Security Culture Shift Blog Banner.png

As security threats become a bigger part of the day-to-day concerns at all types of organizations, it has become vital to inculcate and promote a “culture of security.” Yes, security is everyone’s responsibility — but it requires a shift in culture for people to begin accepting that responsibility.

Triggering this shift can be harder than it sounds on the surface. Why? Well, for one thing, most people in the organization don’t have their success measured on security. When the marketing team gets a performance review, no one brings up security. When a direct reward or consequence isn’t on the line, it can be more difficult to get people to buy in to their responsibility to help keep the company secure.

That said, it’s not impossible by any means. It just requires focused and sustained effort to change the culture. As with any culture shift, it won’t necessarily be easy or linear, but it is achievable. Here are a few steps you can take to help your team more security-minded.

1. Recognize That it Takes Time

Culture shifts don’t happen overnight. So it’s a good idea to be realistic about the time it will take to get certain people on board. For example, it took 5–10 years for DevOps to fully catch on (and in some circles it is still a work in progress) — so recognize that it will take some time for DevOps to embrace SecOps, and for the rest of the organization to see security as part of their jobs.

Don’t get frustrated if your first security lunch-and-learn doesn’t result in an overnight obsession with all things security at your organization. After all, it’s not the most thrilling topic on the planet — and it’s certainly hard to prove every time you avoided getting breached. But keep at it! Remind your people why security is vital to the organization through an ongoing security awareness program. (If you don’t have one in place yet, here are some tips on how to build one.)

2. Identify Cultural Resistance Factors

Let’s be serious for a minute. We love security, and many of us are security geeks through and through. But there’s a certain attitude that often comes with working in security. When your day-in, day-out work involves catching bad actors and slapping employees on the wrist, it can erode trust. Security’s business objective is to reduce risk — which often falsely appears to be at odds with the velocity of the rest of the business.

Part of getting past this is being honest about it.
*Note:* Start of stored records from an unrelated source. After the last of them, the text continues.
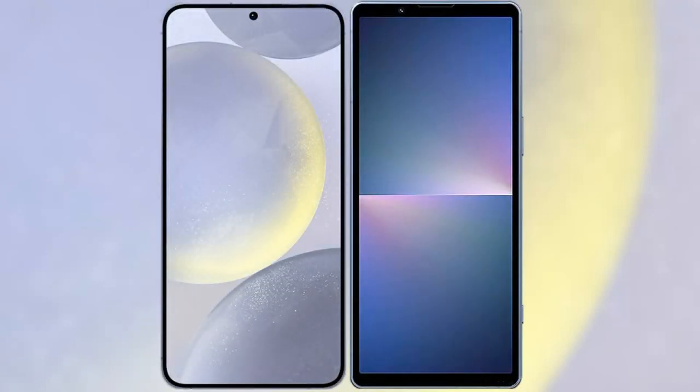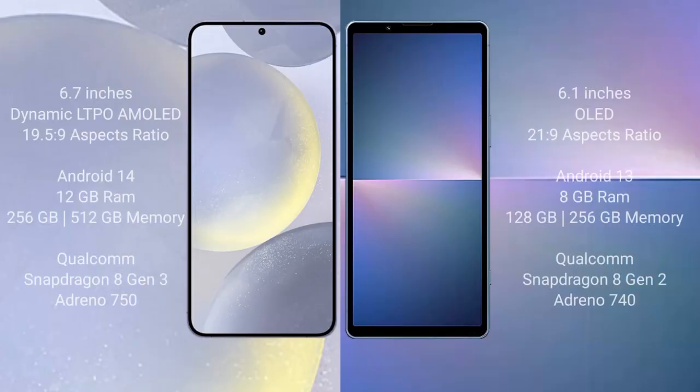I will compare the new Samsung Galaxy S24 Plus with Sony Xperia 5 Mark 5. Samsung Galaxy S24 Plus comes with a 6.7-inch Dynamic LTPO AMOLED Display with 19.5:9 aspect ratio. Sony Xperia 5 Mark 5 comes with a 6.1-inch OLED Display with 21:9 aspect ratio.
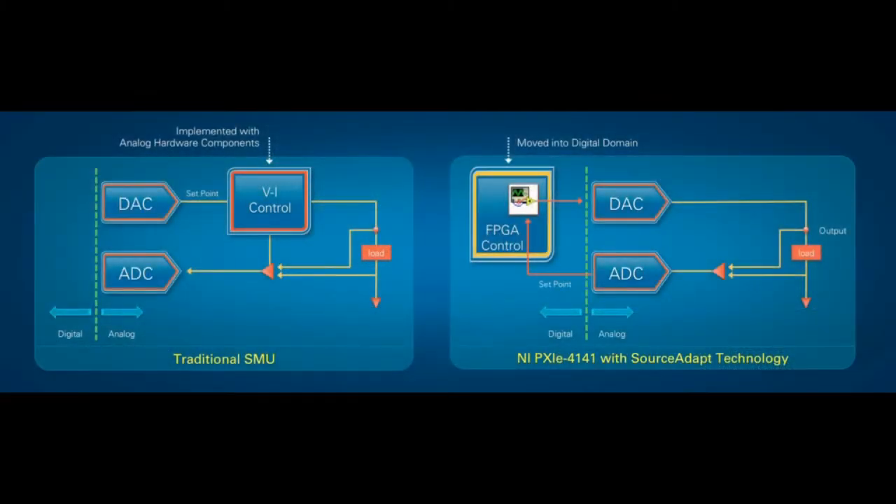As a digital designer, I would much rather move this control loop into the digital domain, where I can actually play with it and modify it on the fly. It turns out we have a great tool for implementing high-performance control loops here at NI — it's called LabVIEW FPGA. We actually took LabVIEW FPGA and used it to prototype what a digitally-controlled source measure unit would look like. We liked the performance so much that we productized it, and we're now calling this SourceAdapt technology. I'm happy to announce that SourceAdapt technology is available today in the new PXIe-4141 four-channel SMU.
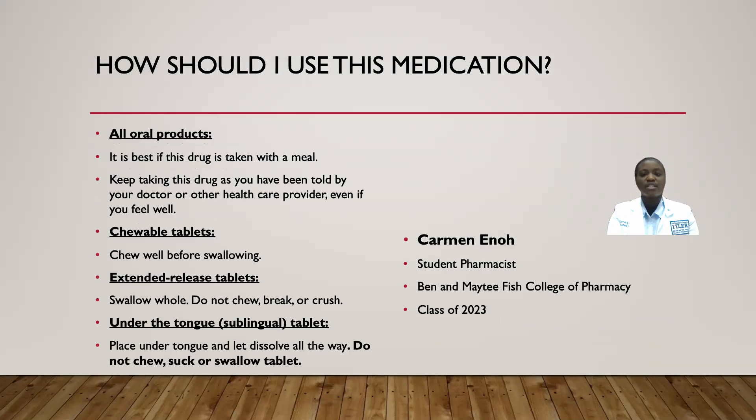How should you take this medication? For all oral products, it is best to use this medication with a meal. Keep taking this drug even if you feel well. For the chewable tablets, chew well before swallowing the medication.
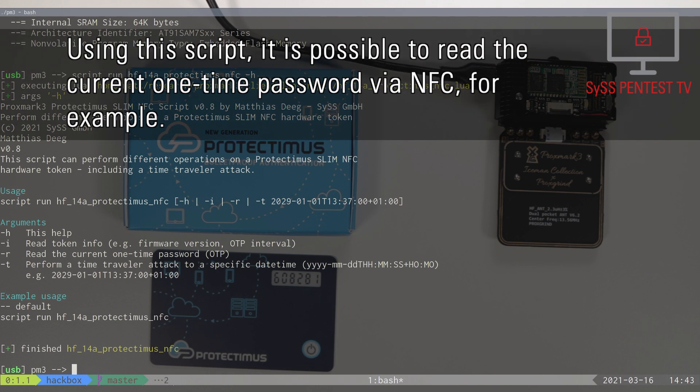Using this script, it is possible to read the current one-time password via near-field communication.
Sometimes security people may feel like the “bad guys,” and sometimes DevOps will intentionally go around them or ignore them because security makes their jobs harder. That won’t fly if your organization wants to truly take security seriously.

It’s up to both sides (and all the other parts of the organization) to build conversations and trust with the people they need buy-in from in order to do their jobs. And it’s a good idea to recognize that each can learn from other perspectives. Be open-minded and recognize that, at the end of the day, everyone has the same macro goal: to help the organization succeed.

3. Break Down Silos

Sometimes we get into patterns where one team is throwing requests over a wall to another. “Hey DevOps, you need to develop a tighter permissioning policy.” “Hey security, can you review this release?” If you really want security to be an integral part of your organization, you can’t just throw tasks over the wall. You need to break down silos.
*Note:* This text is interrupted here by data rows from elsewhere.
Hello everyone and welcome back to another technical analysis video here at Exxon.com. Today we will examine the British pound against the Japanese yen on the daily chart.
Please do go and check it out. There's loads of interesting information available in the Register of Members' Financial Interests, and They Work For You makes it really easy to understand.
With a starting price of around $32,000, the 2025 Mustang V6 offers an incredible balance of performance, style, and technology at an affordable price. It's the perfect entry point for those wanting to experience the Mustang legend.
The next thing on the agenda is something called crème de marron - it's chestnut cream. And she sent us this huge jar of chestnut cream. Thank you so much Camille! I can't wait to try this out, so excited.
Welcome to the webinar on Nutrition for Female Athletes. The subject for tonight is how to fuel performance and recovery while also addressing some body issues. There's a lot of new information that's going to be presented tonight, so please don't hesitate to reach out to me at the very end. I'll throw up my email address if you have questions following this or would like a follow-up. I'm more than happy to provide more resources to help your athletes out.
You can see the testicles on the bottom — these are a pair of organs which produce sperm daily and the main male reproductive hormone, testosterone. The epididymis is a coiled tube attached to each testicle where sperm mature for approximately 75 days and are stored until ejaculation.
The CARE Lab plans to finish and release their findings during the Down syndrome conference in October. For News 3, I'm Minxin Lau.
How? Start by integrating teams, tools, and processes. If you need another team to do something to make your job easier, then make it easy to do that. Show them how to use any new tools, or find ways to integrate security protocols into the tools they already use.

It’s a good idea to implement this in a physical way, too. If your company allows it, have ops, engineering, and security co-located in the same office and ideally the same area of the office. This way, they will communicate more with one another, and hopefully share each others’ goals, ethos, and way of working — reducing friction and increasing their ability to work together. Security and DevOps both need to have a clear understanding of what the other is doing, what they’re focused on, and why.

4. Implement Tools That Support Security Culture

The best security tools will actually support the transition to a security culture by forcing DevOps and security to work together.

5. Leverage Automation

Automation is a key component of a modern approach to IT and can be a huge help in making sure that security becomes a seamless and natural part of your organization’s culture. The more that security teams can automate, the easier it will be for both them and the people they need to work with (e.g., ops and engineering) to get things done.

When security doesn’t feel like a giant mountain to climb, other teams are more likely offer their support. For example, Threat Stack integrates with Slack for distributed alerting. This way, non-security folks can receive an alert when something they touch causes a potential security concern. They can quickly confirm that it was them who did it and check whether it was a mistake or just a routine process that shouldn’t throw up any red flags. This process makes it easier for security to open the lines of communication with other teams, so others can do their jobs without security slowing them down.

Final Words . . .

It may take some time to get your team fully bought into the value of having a security mindset, but getting there is well worth the effort. Security teams need to understand that part of their responsibility is to educate and to make security easier for everyone. And everyone else needs to recognize that security isn’t just a tax they must pay, but a vital aspect of a healthy business.

Taking the steps above should help increase your organization’s security maturity by making the cultural transition smoother.